Internet Explorer: Targeted Representation Learning on the Open Web

Alexander C. Li,Ellis Brown,Alexei A. Efros,Deepak Pathak
2023-09-07
Abstract:Modern vision models typically rely on fine-tuning general-purpose models pre-trained on large, static datasets. These general-purpose models only capture the knowledge within their pre-training datasets, which are tiny, out-of-date snapshots of the Internet -- where billions of images are uploaded each day. We suggest an alternate approach: rather than hoping our static datasets transfer to our desired tasks after large-scale pre-training, we propose dynamically utilizing the Internet to quickly train a small-scale model that does extremely well on the task at hand. Our approach, called Internet Explorer, explores the web in a self-supervised manner to progressively find relevant examples that improve performance on a desired target dataset. It cycles between searching for images on the Internet with text queries, self-supervised training on downloaded images, determining which images were useful, and prioritizing what to search for next. We evaluate Internet Explorer across several datasets and show that it outperforms or matches CLIP oracle performance by using just a single GPU desktop to actively query the Internet for 30--40 hours. Results, visualizations, and videos at <a class="link-external link-https" href="https://internet-explorer-ssl.github.io/" rel="external noopener nofollow">this https URL</a>
Machine Learning,Artificial Intelligence,Computer Vision and Pattern Recognition,Neural and Evolutionary Computing,Robotics
What problem does this paper attempt to address?
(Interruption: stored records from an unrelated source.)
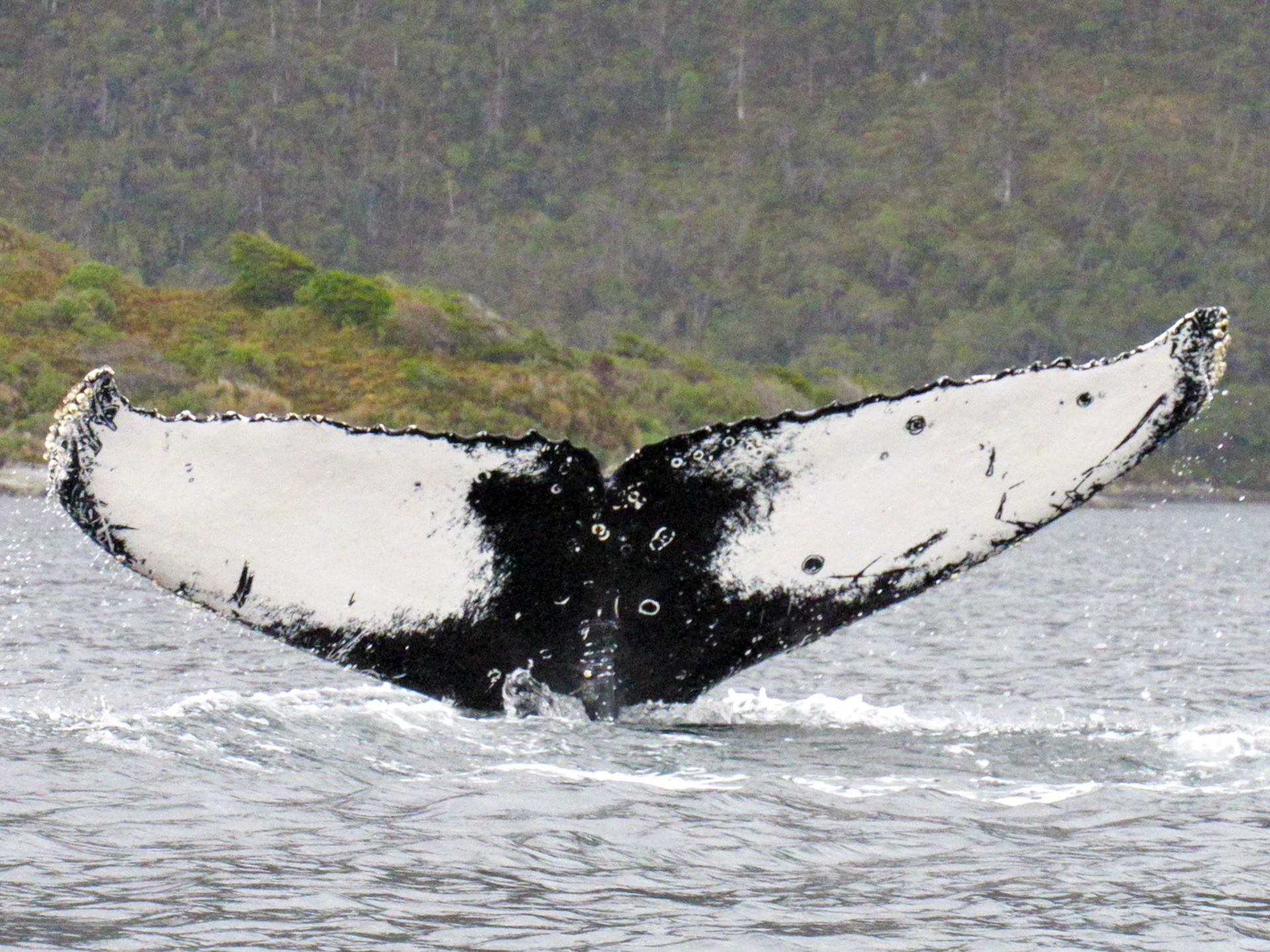 Humpback Whale, Estrecho de Magallanes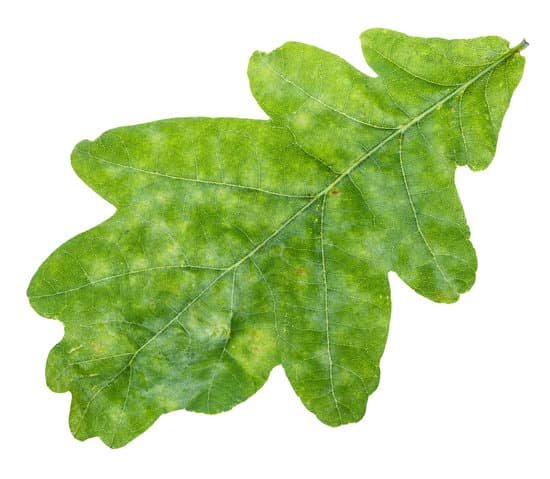 canva fresh green oak leaf close up isolated on white MADBo YLoY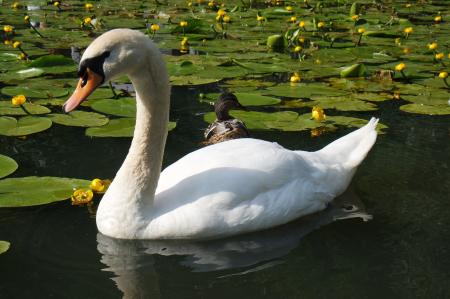 Swan in the River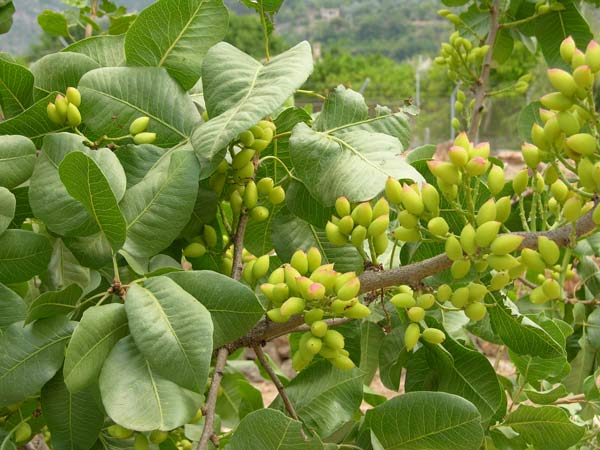 pistacia vera 04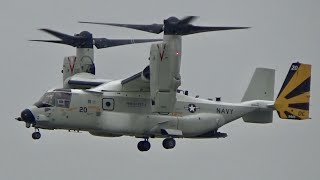 F-35C”VFA-147”&CMV-22”VRM-30”展示飛行　岩国フレンドシップデー2026
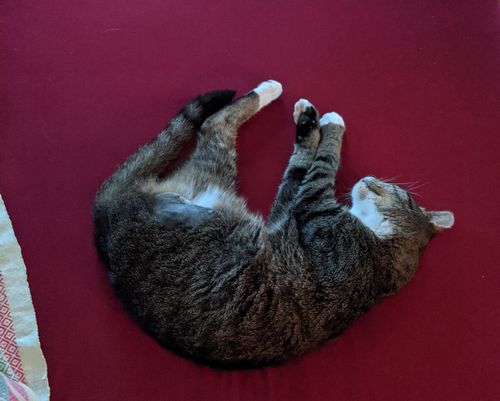 Kundenbewertung mit Foto zu BELISY Bachblüten Globuli für Hunde & Katzen - gegen Juckreiz - 10 g
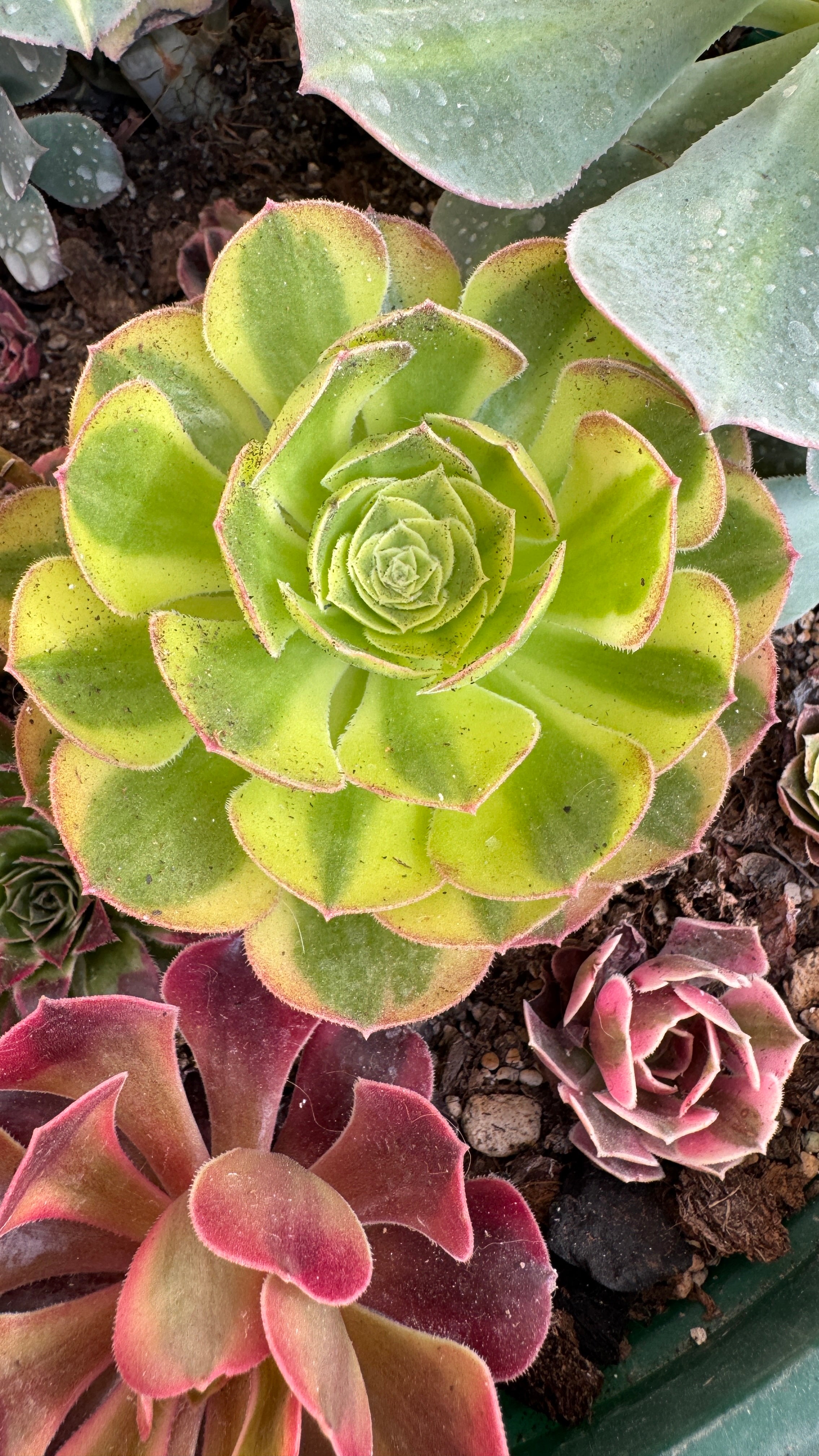 Aeonium milk variegado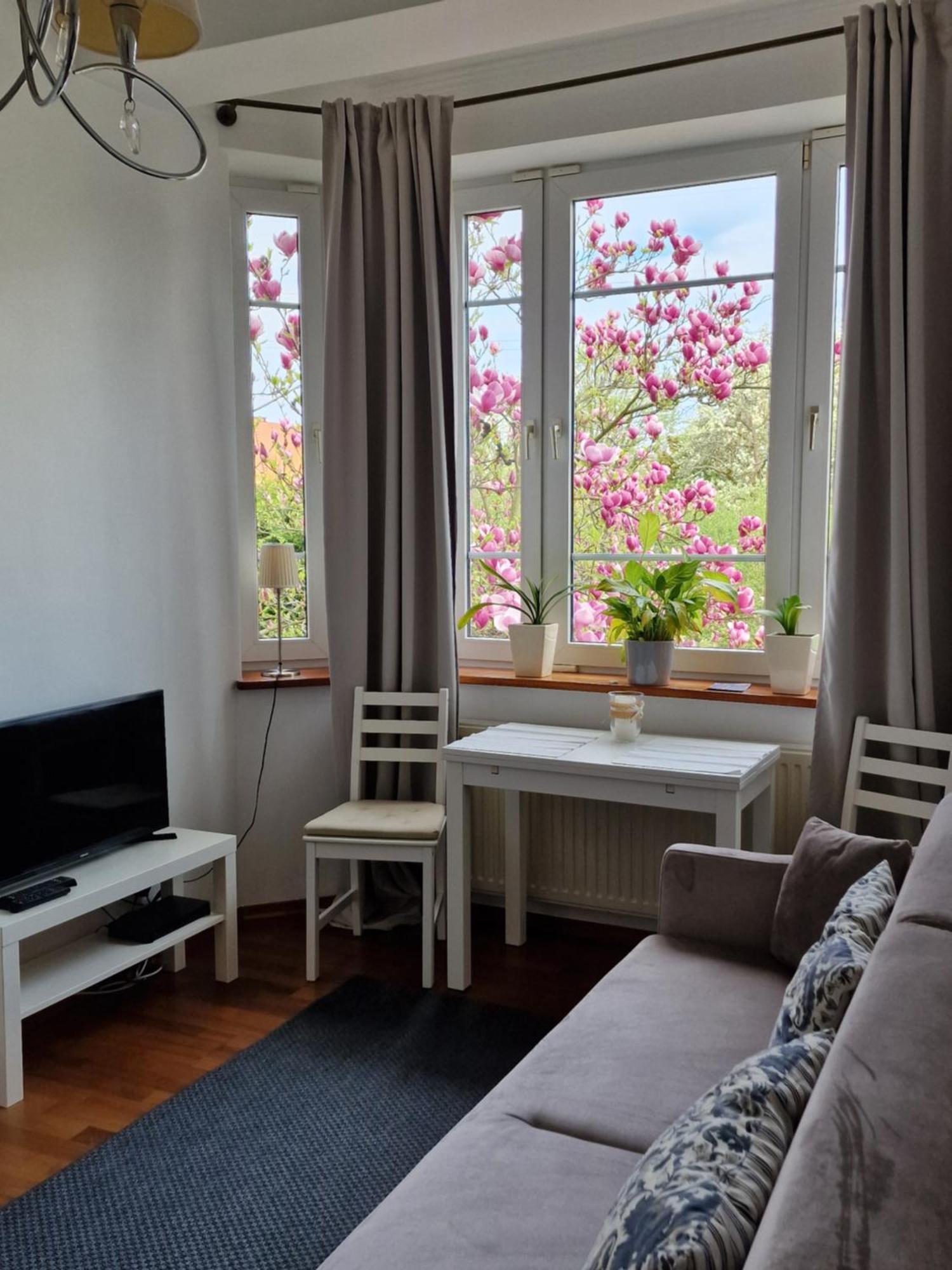 Apartament Magnolia โซพอต ภายนอก รูปภาพ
### The Problem the Paper Attempts to Solve The paper "Internet Explorer: Targeted Representation Learning on the Open Web" attempts to solve the problem of how to leverage dynamic data from the internet to improve visual model representations for specific tasks. Traditional deep learning models typically rely on large-scale, static datasets for pre-training, followed by fine-tuning on small-scale datasets for specific tasks. However, these static datasets often fail to capture the rich, continuously updated information available on the internet, leading to suboptimal performance when models encounter new data. Specifically, the paper proposes a method called **Internet Explorer** to address this issue through the following steps: 1. **Dynamic Utilization of Internet Data**: Unlike traditional static datasets, Internet Explorer views the internet as a dynamic, open data source. It incrementally finds image data relevant to the target task through a self-supervised approach. 2. **Self-Supervised Exploration**: The method uses text queries to search engines, downloads relevant images, and performs self-supervised training to enhance performance on the target dataset. 3. **Continuous Query Optimization**: Internet Explorer continuously evaluates the contribution of downloaded images to the target dataset and adjusts subsequent query strategies based on this feedback, thereby gradually improving the quality of model representations. Through this approach, the paper aims to overcome the limitations of static datasets and efficiently enhance model performance for specific tasks by leveraging the rich resources available on the internet.